The State-space complexity of Spades can be computed by counting for each possible starting state (deal), all the possible sequences of actions. While that calculation could be hard, an upper bound is easy to achieve by multiplying the number of initial positions $|S_0|$ by an upper bound on the number of different possible histories $|\bar{H}|$. $$ |SPADES| = \sum_{s \in S_0} |H_{s}| \leq |S_0| \cdot |\bar{H}| $$

The number of possible starting positions $|S_0|$ is the number of different ways to deal a 52 cards deck into 4 players $$|S_0| = \frac{52!}{13!^4} \approx 5.3\cdot10^{28}$$

An information set in Spades contains two objects: the player's hand, and the sequence of actions each of the players have made from the start of the round. Before any card is played, each information set (a single hand) can be completed into a full game-state (4 hands) in the following number of ways $$ |\bar{S}| = \frac{39!}{13!^3} \approx 8.45 \cdot 10^{16} $$

During a round, each player first decide upon a bid, then choose one out of her 13 cards, than choose one out of 12, etc. Thus, the size of the decision tree, which is the number of histories is bounded by $$|H| \leq {14!}^4 \approx 5.77 \cdot 10^{43}$$ This is an upper bound since some of those histories violates the rules of the game.

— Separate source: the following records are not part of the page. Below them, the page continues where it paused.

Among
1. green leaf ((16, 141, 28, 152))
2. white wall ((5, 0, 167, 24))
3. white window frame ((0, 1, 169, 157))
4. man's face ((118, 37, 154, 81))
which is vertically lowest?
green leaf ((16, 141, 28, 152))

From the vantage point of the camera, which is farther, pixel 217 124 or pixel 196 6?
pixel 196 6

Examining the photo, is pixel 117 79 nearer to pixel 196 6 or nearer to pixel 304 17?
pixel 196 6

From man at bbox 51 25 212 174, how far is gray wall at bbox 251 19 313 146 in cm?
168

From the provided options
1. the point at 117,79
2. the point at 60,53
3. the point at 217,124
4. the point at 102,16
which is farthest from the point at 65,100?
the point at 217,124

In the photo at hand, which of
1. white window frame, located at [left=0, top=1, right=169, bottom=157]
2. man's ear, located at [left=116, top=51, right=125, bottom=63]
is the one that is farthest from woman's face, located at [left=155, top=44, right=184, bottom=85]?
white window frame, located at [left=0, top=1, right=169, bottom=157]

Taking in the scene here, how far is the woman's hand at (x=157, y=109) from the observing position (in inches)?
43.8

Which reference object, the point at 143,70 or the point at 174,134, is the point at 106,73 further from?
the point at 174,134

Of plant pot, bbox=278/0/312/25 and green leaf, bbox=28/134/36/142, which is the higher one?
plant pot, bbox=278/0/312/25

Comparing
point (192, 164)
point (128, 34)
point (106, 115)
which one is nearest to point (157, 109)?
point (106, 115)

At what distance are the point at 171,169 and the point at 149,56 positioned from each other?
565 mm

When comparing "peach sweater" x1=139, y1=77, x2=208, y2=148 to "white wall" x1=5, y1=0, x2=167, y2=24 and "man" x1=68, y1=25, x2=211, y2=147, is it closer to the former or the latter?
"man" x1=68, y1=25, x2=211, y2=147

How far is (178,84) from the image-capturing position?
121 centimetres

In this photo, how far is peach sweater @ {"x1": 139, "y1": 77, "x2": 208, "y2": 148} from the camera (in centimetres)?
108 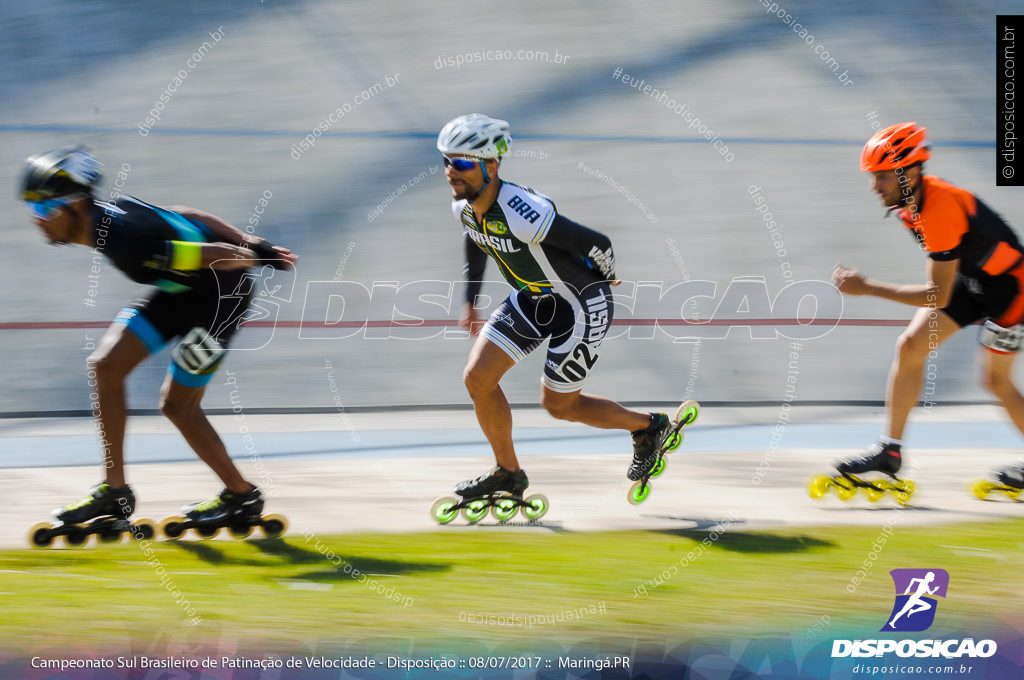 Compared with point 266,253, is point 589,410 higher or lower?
lower

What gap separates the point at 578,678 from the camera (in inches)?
118

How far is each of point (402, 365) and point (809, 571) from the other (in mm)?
4050

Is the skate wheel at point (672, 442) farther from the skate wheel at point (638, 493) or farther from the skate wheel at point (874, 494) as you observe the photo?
the skate wheel at point (874, 494)

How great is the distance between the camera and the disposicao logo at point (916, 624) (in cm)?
323

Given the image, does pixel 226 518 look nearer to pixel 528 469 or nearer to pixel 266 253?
pixel 266 253

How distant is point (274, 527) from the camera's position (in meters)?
4.07

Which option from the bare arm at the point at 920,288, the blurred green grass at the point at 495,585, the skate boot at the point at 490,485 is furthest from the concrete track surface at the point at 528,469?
the bare arm at the point at 920,288

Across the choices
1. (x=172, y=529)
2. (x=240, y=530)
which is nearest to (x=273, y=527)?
(x=240, y=530)

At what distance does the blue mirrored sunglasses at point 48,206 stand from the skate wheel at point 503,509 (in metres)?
2.11

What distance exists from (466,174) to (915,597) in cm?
231

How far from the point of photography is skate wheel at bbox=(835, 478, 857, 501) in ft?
15.3

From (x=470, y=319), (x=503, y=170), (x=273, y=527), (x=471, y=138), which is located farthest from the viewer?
(x=503, y=170)

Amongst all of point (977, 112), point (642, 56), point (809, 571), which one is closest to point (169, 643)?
point (809, 571)

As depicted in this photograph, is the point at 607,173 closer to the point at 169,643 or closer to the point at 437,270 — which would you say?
the point at 437,270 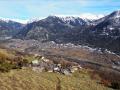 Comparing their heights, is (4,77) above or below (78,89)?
above

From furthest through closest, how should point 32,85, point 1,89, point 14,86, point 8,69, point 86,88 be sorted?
point 86,88, point 8,69, point 32,85, point 14,86, point 1,89

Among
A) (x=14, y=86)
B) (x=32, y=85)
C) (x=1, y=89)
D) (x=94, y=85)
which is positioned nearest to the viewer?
(x=1, y=89)

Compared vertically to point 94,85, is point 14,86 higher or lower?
higher

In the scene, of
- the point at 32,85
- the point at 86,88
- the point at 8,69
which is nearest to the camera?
the point at 32,85

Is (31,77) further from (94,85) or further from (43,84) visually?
(94,85)

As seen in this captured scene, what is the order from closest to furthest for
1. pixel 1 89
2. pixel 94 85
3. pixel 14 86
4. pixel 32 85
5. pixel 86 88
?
pixel 1 89 → pixel 14 86 → pixel 32 85 → pixel 86 88 → pixel 94 85

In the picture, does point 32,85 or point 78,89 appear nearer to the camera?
point 32,85

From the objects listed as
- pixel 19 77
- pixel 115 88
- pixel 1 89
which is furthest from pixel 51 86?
pixel 115 88

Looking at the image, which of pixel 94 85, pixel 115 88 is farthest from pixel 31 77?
pixel 115 88

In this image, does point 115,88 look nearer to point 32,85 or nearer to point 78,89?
point 78,89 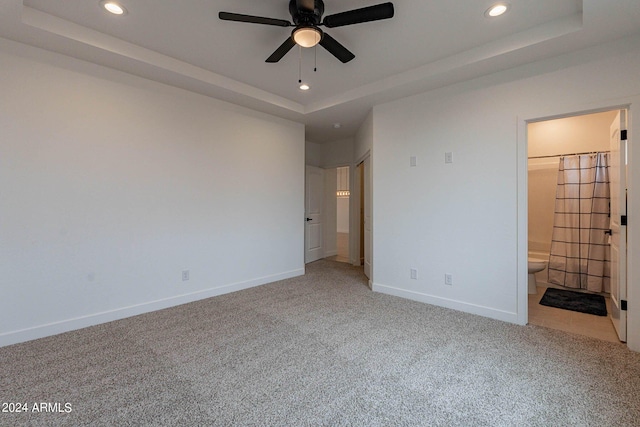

Therefore, the number of legal positions in Spades is bounded by $$ |SPADES| = \sum_{s \in S_0} |H_{s}| \leq |S_0| \cdot |H| \leq \frac{52!}{13!^4} \cdot {14!}^4 \approx 3.09 \cdot 10^{72} $$

Lower bound

In the paper: Understanding the Success of Perfect Information Monte Carlo Sampling in Game Tree Search, Sturtevant et al. describe a loose lower bound for the size of Skat:

Skat is a 3-player card game with 32 cards, from which 10 are dealt to each player. There are $$ {32 \choose 10} = 364, 512, 240 $$hands each player can have and $$ H := {22 \choose10} \cdot {12\choose10} = 42, 678, 636 $$ hands for the other players which is what constitutes an information set at the start of a game. At the beginning of each trick, the trick leader can choose to play any of his remaining cards. Therefore, there are at least $$ 10!H \approx 1.54 · 10^{14}$$ information sets. But, from an opponents perspective there are actually 20 or 22 unknown cards that can be lead, so this is only a loose lower bound on the size of the tree. This should clearly establish that even when using short decks it is infeasible to solve even a single game instance of a trick-based card game.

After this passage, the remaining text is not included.